▶ _Stored dataset items_:
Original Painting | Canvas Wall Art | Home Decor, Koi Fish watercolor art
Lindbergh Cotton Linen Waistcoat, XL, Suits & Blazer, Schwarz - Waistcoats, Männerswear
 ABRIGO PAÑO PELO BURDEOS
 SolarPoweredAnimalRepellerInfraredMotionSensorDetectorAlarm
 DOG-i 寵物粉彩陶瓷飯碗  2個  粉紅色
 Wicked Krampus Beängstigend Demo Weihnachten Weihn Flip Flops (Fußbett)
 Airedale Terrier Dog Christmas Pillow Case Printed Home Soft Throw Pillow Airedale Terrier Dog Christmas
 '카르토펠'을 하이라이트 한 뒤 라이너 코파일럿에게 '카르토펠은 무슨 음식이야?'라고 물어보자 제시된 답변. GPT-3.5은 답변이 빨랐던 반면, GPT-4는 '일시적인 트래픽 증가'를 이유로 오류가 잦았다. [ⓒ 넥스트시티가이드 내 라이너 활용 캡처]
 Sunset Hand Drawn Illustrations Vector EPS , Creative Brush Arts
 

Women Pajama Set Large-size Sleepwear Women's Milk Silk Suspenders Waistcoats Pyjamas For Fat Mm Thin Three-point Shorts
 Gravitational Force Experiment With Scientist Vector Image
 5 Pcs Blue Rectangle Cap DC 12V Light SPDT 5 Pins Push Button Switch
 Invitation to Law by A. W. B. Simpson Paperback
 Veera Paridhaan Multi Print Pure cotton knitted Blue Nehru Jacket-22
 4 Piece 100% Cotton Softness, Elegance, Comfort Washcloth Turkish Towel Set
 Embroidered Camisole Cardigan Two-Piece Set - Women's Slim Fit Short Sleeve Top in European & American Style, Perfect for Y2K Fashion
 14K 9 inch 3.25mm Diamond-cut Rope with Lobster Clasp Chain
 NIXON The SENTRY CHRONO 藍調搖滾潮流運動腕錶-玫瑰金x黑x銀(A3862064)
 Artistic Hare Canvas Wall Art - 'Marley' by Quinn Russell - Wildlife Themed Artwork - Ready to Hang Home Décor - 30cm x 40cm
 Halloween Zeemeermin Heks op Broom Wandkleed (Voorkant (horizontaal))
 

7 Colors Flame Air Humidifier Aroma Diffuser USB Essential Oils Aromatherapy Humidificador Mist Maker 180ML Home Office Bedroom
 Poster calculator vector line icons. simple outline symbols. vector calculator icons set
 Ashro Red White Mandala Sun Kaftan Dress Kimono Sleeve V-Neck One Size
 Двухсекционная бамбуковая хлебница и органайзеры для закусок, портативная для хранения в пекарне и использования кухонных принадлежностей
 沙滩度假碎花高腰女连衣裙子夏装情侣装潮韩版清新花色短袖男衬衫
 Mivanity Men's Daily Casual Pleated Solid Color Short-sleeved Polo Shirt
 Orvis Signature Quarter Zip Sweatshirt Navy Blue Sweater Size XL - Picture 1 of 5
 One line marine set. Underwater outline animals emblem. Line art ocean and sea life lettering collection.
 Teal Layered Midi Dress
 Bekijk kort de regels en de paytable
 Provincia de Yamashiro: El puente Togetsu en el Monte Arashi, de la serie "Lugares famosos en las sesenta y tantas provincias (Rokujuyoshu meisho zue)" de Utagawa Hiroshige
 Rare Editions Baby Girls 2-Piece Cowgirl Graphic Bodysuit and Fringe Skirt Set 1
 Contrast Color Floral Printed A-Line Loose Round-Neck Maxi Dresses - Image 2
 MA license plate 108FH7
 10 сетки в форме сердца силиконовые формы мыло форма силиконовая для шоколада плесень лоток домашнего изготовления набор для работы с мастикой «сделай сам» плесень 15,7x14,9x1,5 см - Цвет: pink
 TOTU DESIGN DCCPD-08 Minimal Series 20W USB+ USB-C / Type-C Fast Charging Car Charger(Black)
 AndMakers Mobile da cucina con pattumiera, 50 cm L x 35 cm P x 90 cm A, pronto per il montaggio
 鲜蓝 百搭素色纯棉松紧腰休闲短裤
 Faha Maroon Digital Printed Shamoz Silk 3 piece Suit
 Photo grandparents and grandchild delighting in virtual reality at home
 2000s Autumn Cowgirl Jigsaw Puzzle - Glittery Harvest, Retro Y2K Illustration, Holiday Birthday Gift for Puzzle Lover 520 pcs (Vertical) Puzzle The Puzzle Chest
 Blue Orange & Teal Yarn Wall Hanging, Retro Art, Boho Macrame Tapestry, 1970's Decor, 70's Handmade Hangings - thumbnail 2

▶ _What this task involves_: An accurate, complete transcription of the records above is needed.

▶ _Your solution_:
Original Painting | Canvas Wall Art | Home Decor, Koi Fish watercolor art
Lindbergh Cotton Linen Waistcoat, XL, Suits & Blazer, Schwarz - Waistcoats, Männerswear
 ABRIGO PAÑO PELO BURDEOS
 SolarPoweredAnimalRepellerInfraredMotionSensorDetectorAlarm
 DOG-i 寵物粉彩陶瓷飯碗  2個  粉紅色
 Wicked Krampus Beängstigend Demo Weihnachten Weihn Flip Flops (Fußbett)
 Airedale Terrier Dog Christmas Pillow Case Printed Home Soft Throw Pillow Airedale Terrier Dog Christmas
 '카르토펠'을 하이라이트 한 뒤 라이너 코파일럿에게 '카르토펠은 무슨 음식이야?'라고 물어보자 제시된 답변. GPT-3.5은 답변이 빨랐던 반면, GPT-4는 '일시적인 트래픽 증가'를 이유로 오류가 잦았다. [ⓒ 넥스트시티가이드 내 라이너 활용 캡처]
 Sunset Hand Drawn Illustrations Vector EPS , Creative Brush Arts
 

Women Pajama Set Large-size Sleepwear Women's Milk Silk Suspenders Waistcoats Pyjamas For Fat Mm Thin Three-point Shorts
 Gravitational Force Experiment With Scientist Vector Image
 5 Pcs Blue Rectangle Cap DC 12V Light SPDT 5 Pins Push Button Switch
 Invitation to Law by A. W. B. Simpson Paperback
 Veera Paridhaan Multi Print Pure cotton knitted Blue Nehru Jacket-22
 4 Piece 100% Cotton Softness, Elegance, Comfort Washcloth Turkish Towel Set
 Embroidered Camisole Cardigan Two-Piece Set - Women's Slim Fit Short Sleeve Top in European & American Style, Perfect for Y2K Fashion
 14K 9 inch 3.25mm Diamond-cut Rope with Lobster Clasp Chain
 NIXON The SENTRY CHRONO 藍調搖滾潮流運動腕錶-玫瑰金x黑x銀(A3862064)
 Artistic Hare Canvas Wall Art - 'Marley' by Quinn Russell - Wildlife Themed Artwork - Ready to Hang Home Décor - 30cm x 40cm
 Halloween Zeemeermin Heks op Broom Wandkleed (Voorkant (horizontaal))
 

7 Colors Flame Air Humidifier Aroma Diffuser USB Essential Oils Aromatherapy Humidificador Mist Maker 180ML Home Office Bedroom
 Poster calculator vector line icons. simple outline symbols. vector calculator icons set
 Ashro Red White Mandala Sun Kaftan Dress Kimono Sleeve V-Neck One Size
 Двухсекционная бамбуковая хлебница и органайзеры для закусок, портативная для хранения в пекарне и использования кухонных принадлежностей
 沙滩度假碎花高腰女连衣裙子夏装情侣装潮韩版清新花色短袖男衬衫
 Mivanity Men's Daily Casual Pleated Solid Color Short-sleeved Polo Shirt
 Orvis Signature Quarter Zip Sweatshirt Navy Blue Sweater Size XL - Picture 1 of 5
 One line marine set. Underwater outline animals emblem. Line art ocean and sea life lettering collection.
 Teal Layered Midi Dress
 Bekijk kort de regels en de paytable
 Provincia de Yamashiro: El puente Togetsu en el Monte Arashi, de la serie "Lugares famosos en las sesenta y tantas provincias (Rokujuyoshu meisho zue)" de Utagawa Hiroshige
 Rare Editions Baby Girls 2-Piece Cowgirl Graphic Bodysuit and Fringe Skirt Set 1
 Contrast Color Floral Printed A-Line Loose Round-Neck Maxi Dresses - Image 2
 MA license plate 108FH7
 10 сетки в форме сердца силиконовые формы мыло форма силиконовая для шоколада плесень лоток домашнего изготовления набор для работы с мастикой «сделай сам» плесень 15,7x14,9x1,5 см - Цвет: pink
 TOTU DESIGN DCCPD-08 Minimal Series 20W USB+ USB-C / Type-C Fast Charging Car Charger(Black)
 AndMakers Mobile da cucina con pattumiera, 50 cm L x 35 cm P x 90 cm A, pronto per il montaggio
 鲜蓝 百搭素色纯棉松紧腰休闲短裤
 Faha Maroon Digital Printed Shamoz Silk 3 piece Suit
 Photo grandparents and grandchild delighting in virtual reality at home
 2000s Autumn Cowgirl Jigsaw Puzzle - Glittery Harvest, Retro Y2K Illustration, Holiday Birthday Gift for Puzzle Lover 520 pcs (Vertical) Puzzle The Puzzle Chest
 Blue Orange & Teal Yarn Wall Hanging, Retro Art, Boho Macrame Tapestry, 1970's Decor, 70's Handmade Hangings - thumbnail 2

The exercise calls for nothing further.